- کیسی عورت ہوں میں
- Genre: Legal drama; Mystery; Romance; Thriller film;
- Written by: Saima Akram Chudhery
- Directed by: Fahim Burney
- Starring: Nadia Khan; Faisal Rehman;
- Theme music composer: Wali Hamid Ali Khan
- Opening theme: "Ranjishein Sahi" by Hamid Ali Khan
- Country of origin: Pakistan
- Original language: Urdu
- No. of seasons: 1
- No. of episodes: 25

Production
- Executive producer: Momina Duraid
- Producers: Mukhtar Ahmad Chohan Hammad Abbas
- Camera setup: Single-camera setup
- Running time: 35~40 minutes
- Production companies: A&F Production

Original release
- Network: Hum TV
- Release: 2 May – 24 October 2018

= Kaisi Aurat Hoon Main =

Television series

Kaisi Aurat Hoon Main (lit. 'What type of woman am I?'), previously titled Kaisi Aurat Ho Tum is a Pakistani drama serial, which was first aired on 2 May 2018 on Hum TV replacing Dar Si Jaati Hai Sila. It stars Nadia Khan and Faisal Rehman.
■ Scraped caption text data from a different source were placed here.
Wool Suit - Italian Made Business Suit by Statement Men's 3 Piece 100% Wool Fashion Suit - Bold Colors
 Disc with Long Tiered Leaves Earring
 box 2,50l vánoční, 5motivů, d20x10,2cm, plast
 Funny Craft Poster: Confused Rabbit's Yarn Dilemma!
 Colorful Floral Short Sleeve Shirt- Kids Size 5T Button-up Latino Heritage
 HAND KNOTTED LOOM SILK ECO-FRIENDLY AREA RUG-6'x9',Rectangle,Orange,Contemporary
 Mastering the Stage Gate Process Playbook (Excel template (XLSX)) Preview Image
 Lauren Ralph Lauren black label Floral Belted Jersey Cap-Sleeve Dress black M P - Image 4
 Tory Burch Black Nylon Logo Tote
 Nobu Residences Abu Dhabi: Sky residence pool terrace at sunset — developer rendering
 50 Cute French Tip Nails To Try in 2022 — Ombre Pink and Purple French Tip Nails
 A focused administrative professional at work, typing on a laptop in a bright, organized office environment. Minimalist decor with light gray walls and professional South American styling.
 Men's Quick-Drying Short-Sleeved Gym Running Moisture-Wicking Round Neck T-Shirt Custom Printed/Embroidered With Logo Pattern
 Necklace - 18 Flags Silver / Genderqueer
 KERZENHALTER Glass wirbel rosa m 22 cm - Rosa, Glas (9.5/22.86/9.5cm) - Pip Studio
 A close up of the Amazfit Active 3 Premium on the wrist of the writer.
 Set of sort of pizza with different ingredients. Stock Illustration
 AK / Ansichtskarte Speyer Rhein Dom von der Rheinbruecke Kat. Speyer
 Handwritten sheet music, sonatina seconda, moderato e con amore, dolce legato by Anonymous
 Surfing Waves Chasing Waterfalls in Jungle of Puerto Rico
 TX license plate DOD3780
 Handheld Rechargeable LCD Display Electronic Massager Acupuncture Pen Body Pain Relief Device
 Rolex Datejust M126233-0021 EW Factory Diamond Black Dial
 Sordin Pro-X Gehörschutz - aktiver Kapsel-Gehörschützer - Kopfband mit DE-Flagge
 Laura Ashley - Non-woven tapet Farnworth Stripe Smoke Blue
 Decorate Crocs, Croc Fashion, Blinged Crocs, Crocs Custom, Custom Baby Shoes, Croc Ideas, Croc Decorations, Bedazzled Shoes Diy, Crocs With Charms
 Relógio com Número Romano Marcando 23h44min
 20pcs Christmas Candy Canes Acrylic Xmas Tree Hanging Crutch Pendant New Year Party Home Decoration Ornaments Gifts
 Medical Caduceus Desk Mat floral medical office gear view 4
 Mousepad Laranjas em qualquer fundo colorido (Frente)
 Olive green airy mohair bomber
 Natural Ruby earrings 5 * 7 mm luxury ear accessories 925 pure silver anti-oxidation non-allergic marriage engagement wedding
The drama focuses on struggles of women in society, and tells the story of a popular celebrity chef whose success threatens her chauvinist husband. It is directed by Fahim Burney and written by Saima Akram Chudhery.

== Plot ==
Maham and Moiz fall for each other in their high school and decide to be together forever. They overcome all obstacles to tie the knot, but their happily-ever-after is short-lived. Moiz soon starts neglecting his duties as a husband and father. Maham takes matters into her own hands, pursuing a career as a TV chef. However, her rising star sparks Moiz's jealousy, leading him to unleash a barrage of emotional abuse that threatens to destroy Maham's sense of self.

== Cast ==
- Nadia Khan as Maham Moiz
- Faisal Rehman as Moiz
- Ali Josh as Taimoor
- Saniya Shamshad as Savera
- Adla Khan as Amal
- Arslan Rafiq Mughal as Jawad
- Mareeha Safdar as Beenish (Biya)
- Daniyal Arshad as Danish
- Marium Shafi as Maham's mother
- Ruhi Bano as Moiz's mother
- Sana Butt
- Hammad Abbas
- Umair Rafique
- Saba Shahid
- Saima Butt
- Shamma Arif
- Kamran Sheikh
- Maria Malik as Rania
- Moosa as Ayan
- Banita as Isma

=== Guest appearances ===
- Uzma Khan as Sara Hamdan
- Saim Ali as Ahmed Shuja
- Wali Hamid Ali Khan as Haider

== Production ==
The concept of the series was presented by the director Fahim Burney, which initially centered around the story of a morning show host who faces emotional abuse from her husband. However, the team modified the story to avoid potential controversy, changing the protagonist's profession from a morning show host to a cooking show host. Following this adjustment, the writer Saima Akram Chaudhry took charge of developing the characters and the storyline, bringing the series to life.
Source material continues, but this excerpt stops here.